Firm deklarujących, że oferują tańszy prąd i gaz jest na rynku coraz więcej. Ich obecność widoczna jest także w Szczecinie. Niestety, z dwiema z nich szczególnie złe doświadczenia mają nasi seniorzy. Miejski rzecznik konsumentów uznał, że zostali oszukani i stanął w ich obronie.
- Przedstawiciele jednej z takich firm odwiedzali 70-90 letnie osoby w mieszkaniach - relacjonuje Longina Kaczmarek, miejski rzecznik konsumentów. Mówili, że dzwonią z gazowni na Tamie Pomorzańskiej, bo trzeba podpisać nowe umowy. To był jednak całkiem inny operator, a po zmianie umów starszym ludziom przyszło płacić za gaz dwa razy więcej.
Druga firma działa podobnie. Na obie do rzecznika poskarżyło się już kilkadziesiąt osób.
Miejski rzecznik konsumentów przypomina - ani Enea, ani gazownia nie wysyłają swoich przedstawicieli do domów klientów w celu proponowania nowych stawek i podpisania nowych umów.

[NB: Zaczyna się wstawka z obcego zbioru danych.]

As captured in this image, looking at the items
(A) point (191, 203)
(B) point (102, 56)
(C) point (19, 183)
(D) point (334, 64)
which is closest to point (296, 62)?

- Jeśli do naszych drzwi puka ktoś taki, nie wpuszczajmy go do domu, nie dyskutujmy z nim, niczego nie podpisujmy - radzi Longina Kaczmarek. - Operatorzy o zmianach informują zawsze drogą pocztową. Ale dla spokoju można to telefonicznie zweryfikować. Takich spraw na pewno nie należy załatwiać z domokrążcami.
Jeśli już podpisaliśmy umowę i czujemy się oszukani, zgodnie z prawem mamy 14 dni, by od niej odstąpić.
- Nie należy tego robić telefonicznie, ale pisemnie, zawsze listem poleconym - przypomina Longina Kaczmarek. - Jeśli ktoś ma z tym kłopoty, służymy pomocą.